On a much larger scale: Galactus goes around draining the energy out of entire planets, about one per month, in order to sustain his own life. Frequently the planet was inhabited by an intelligent species before he arrived -- and those denizens are no longer among the living after he leaves. Although I don't know if the parameters for a suitable planet have ever been clearly defined in dialogue, I get the strong impression that gas giants, such as Jupiter or Saturn, completely lack whatever cosmic nutrients he requires. Planets of a generally "Earthlike" nature appear to suit his needs much better. As one notorious example: The entire population of the Skrull Throneworld died when Galactus dropped in for dinner in the mid-80s, although zillions of Skrulls were still alive and well on other worlds of their Empire.

Galactus doesn't do this out of any particular malice against other sentient species; it's just that he figures his survival takes priority over theirs. (I like to think that in his situation I would just grit my teeth and curl up and die in the name of preserving my self-respect if I couldn't find a suitable non-inhabited world every single time, but who knows?)

09. Wrongfully Accused

"Why should I rot in a prison cell, or maybe even face the death penalty, for something I didn't do? No matter what the judge and jury said?"

Sometimes the character was a reasonably honest citizen until he was horribly mistreated by the justice system -- with the result that he becomes extremely bitter and sees no reason to abide by "society's laws" afterwards, now that the legal system has already branded him as a vicious criminal anyway, leaving him with very little to lose by becoming exactly what they called him. However, this will differ significantly from the "Seeking Vengeance" motive if the villain has not specifically dedicated himself to hunting down and killing (or otherwise severely punishing) the people who were directly involved in his unjust arrest and conviction.

The best example I could remember comes from a story that is not a comic book. The bestselling swashbuckling novel Captain Blood, by Rafael Sabatini.

As the novel starts in 1685, Peter Blood is a physician with some military experience who currently lives quietly in a village in England. James Scott, Duke of Monmouth, is claiming to be the rightful heir to the recently deceased King Charles the Second, and is raising an army in this part of England to support his claim by force of arms.
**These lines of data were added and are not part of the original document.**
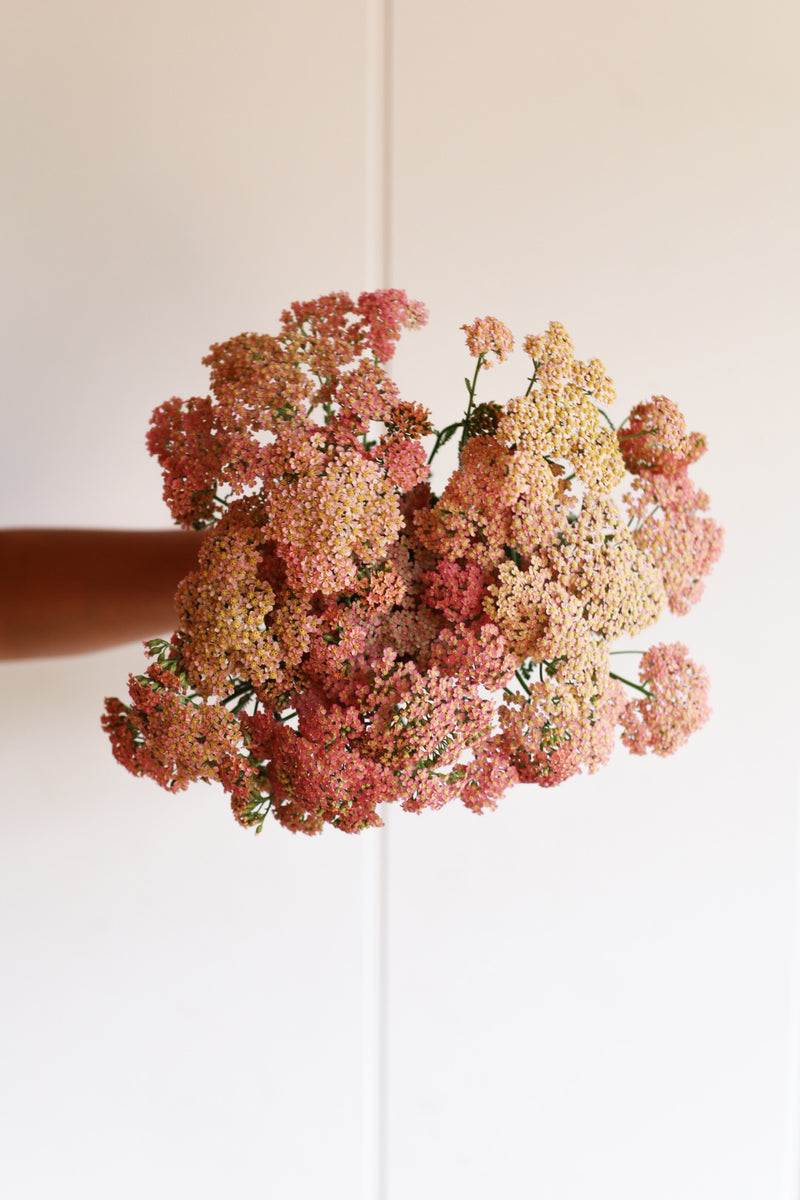 Yarrow - Mix - 20 Stems/Bunch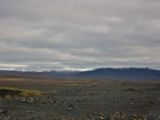 IMG 7832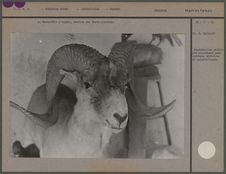 Mouflon des Hauts plateaux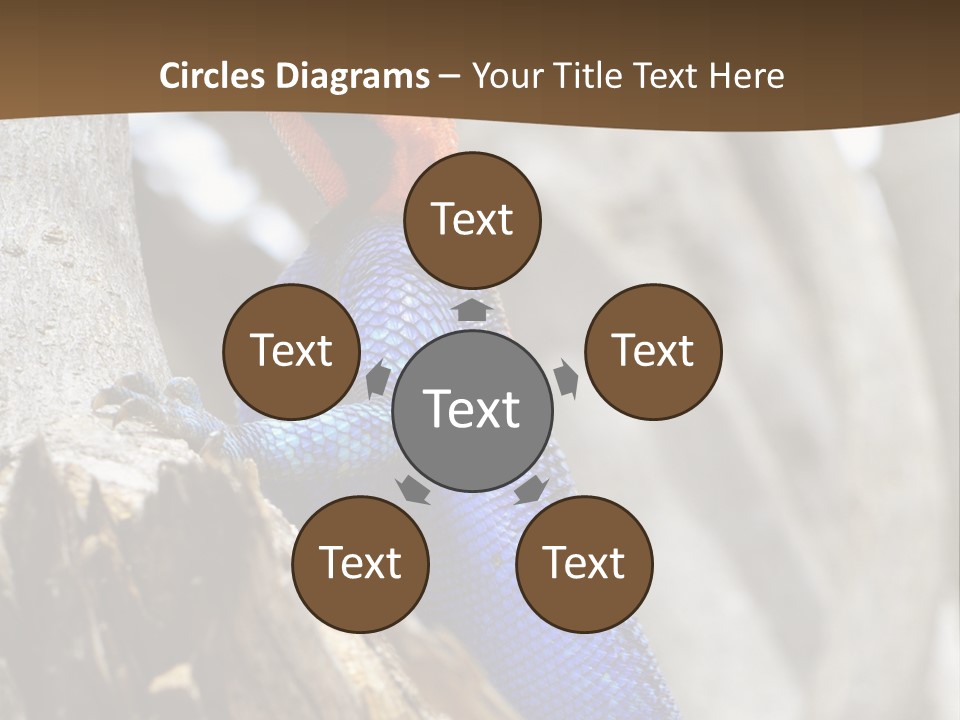 Agama Agama Colourful Colorful PowerPoint Template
Blood is not particularly political; he has no faith in Monmouth's claim and feels no need to take up arms for either side. He sees most of the able-bodied men of the town marching off to fight with the rebel army, and thinks they're being pretty stupid.
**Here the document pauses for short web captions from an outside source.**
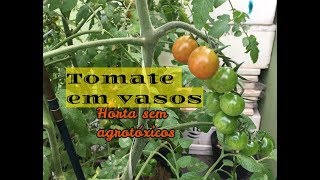 Tomate em vasos - Horta do Ditian - dicas de cultivo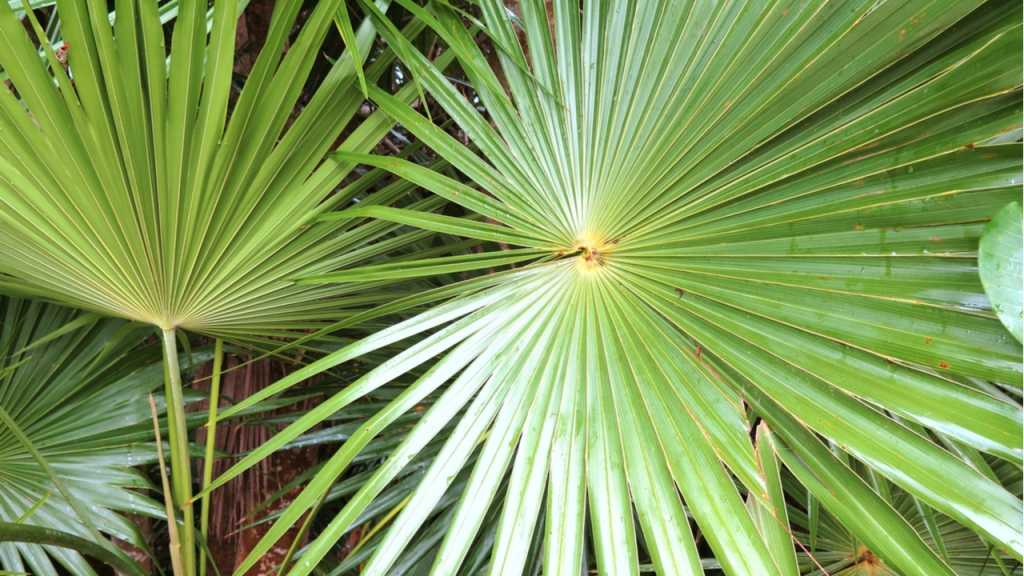 The Californian fan palm is one of the indoor plants with holiday flair.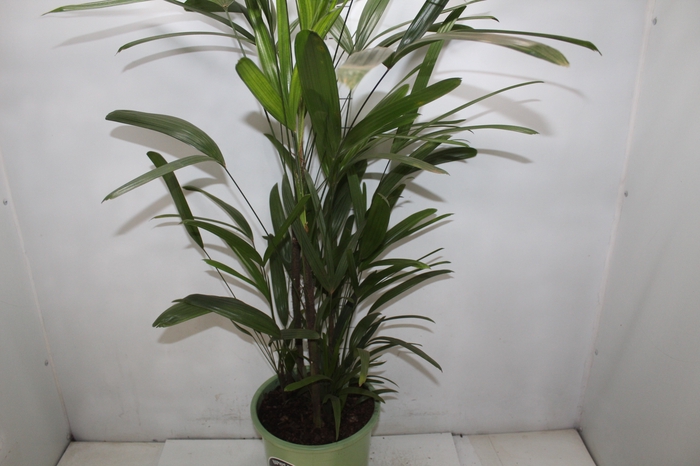 <h4>PALMEIRA RAPHIS P24</h4>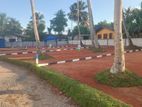 Panadura Walana Highly Valuable Residencial Land for Sale N38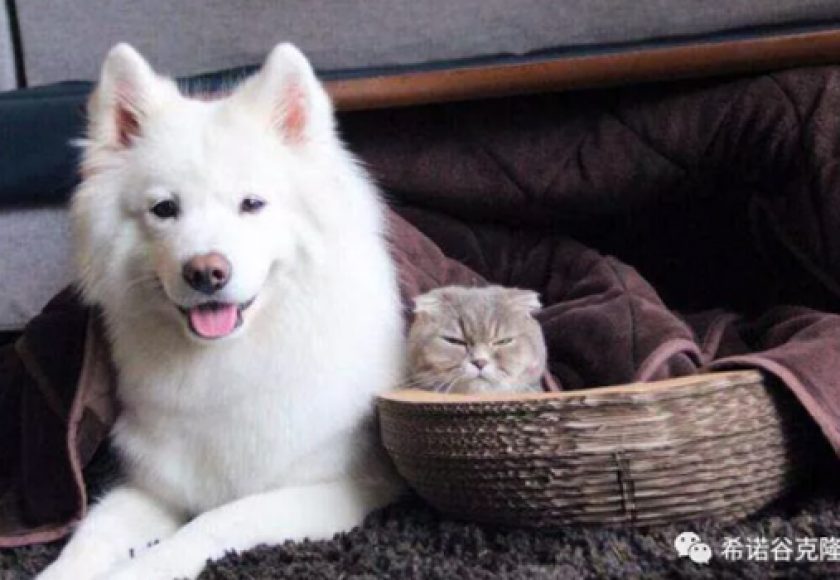 pet_cloning_helps_us_meet_again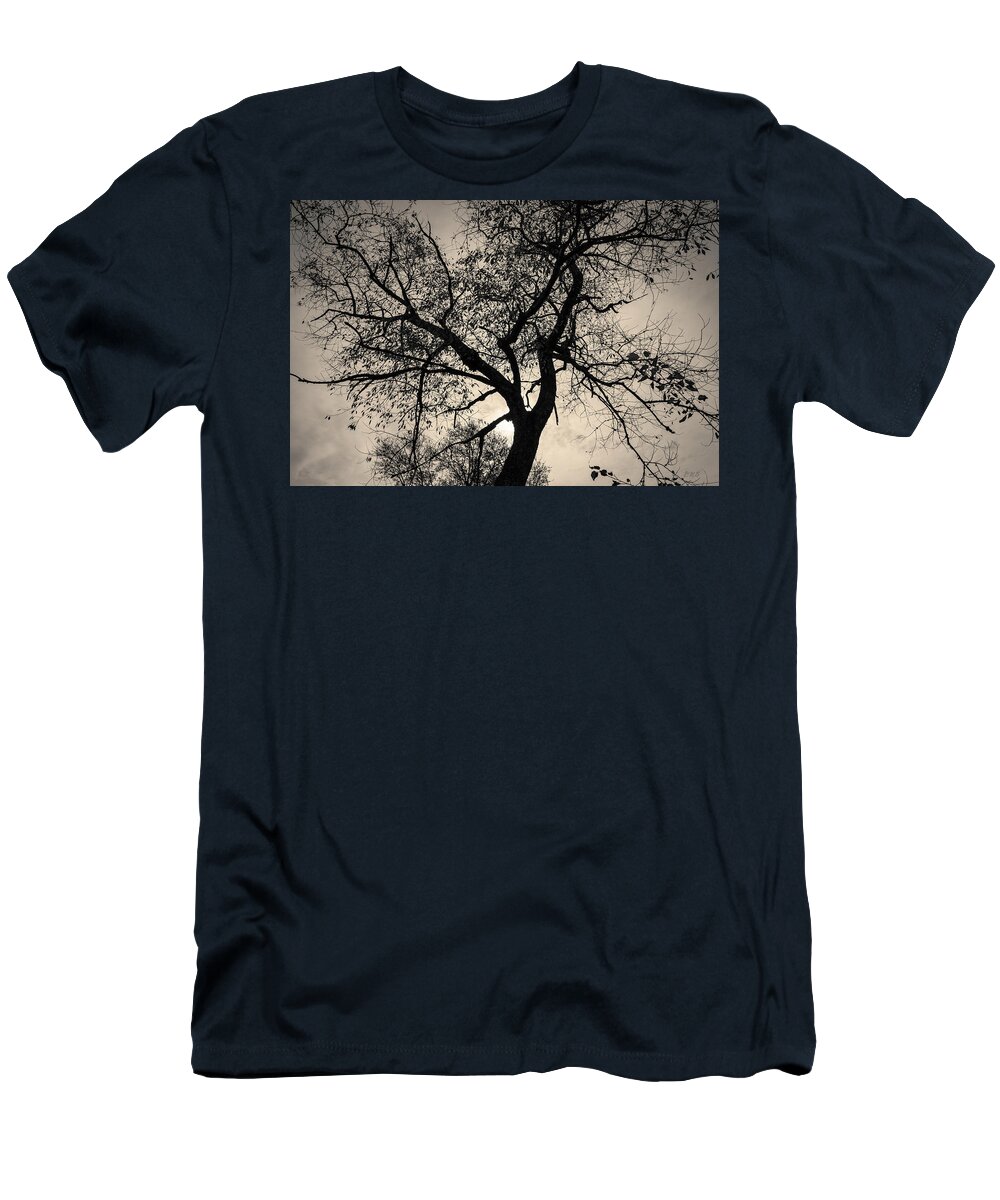 Abstract T-Shirt featuring the photograph Tree Silhouette Toned by David Gordon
However, after the battle (which Monmouth and his rebels lost), Blood answers a summons to rush to a local farm to treat a wounded nobleman -- a friend of his -- who had been serving Monmouth's cause. Then British soldiers came along and arrested every man they found on the farm, including Blood and his patient, as "traitors." A few months later Peter Blood is convicted of high treason. His argument that, as a doctor, he had very little interest in judging a patient's politics, is rejected as outrageous by the judge. (Hippocratic Oath? Who cares about some silly Hippocratic Oath?)

Meanwhile, the patient himself was never convicted of anything -- his family apparently bought his freedom from the government, even though the patient had been shooting at the king's soldiers on the battlefield, whereas Blood had been strictly a noncombatant.

Peter Blood is facing a death sentence, but instead he becomes one of hundreds of convicts who are shipped to the West Indies to work as plantation slaves for the next ten years. If you survive the decade of forced labor, you'll be set free, having paid your debt to society. Blood somehow develops a very jaundiced view of the British legal system as a result. When he and some new friends (other convict-slaves) see an opportunity to seize control of a ship and go into the pirating business, they do so, with Blood becoming their leader, "Captain Blood," and spending the next few years as the terror of the Caribbean. He was written in a way that made us sympathize with him, but there was no getting around the fact that he was doing villainous things for self-centered reasons in the ongoing effort to steal treasure from those who already had it. (Although he was eventually pardoned by a new monarch and ostensibly "rehabilitated" for a romantic happy ending at the last minute.)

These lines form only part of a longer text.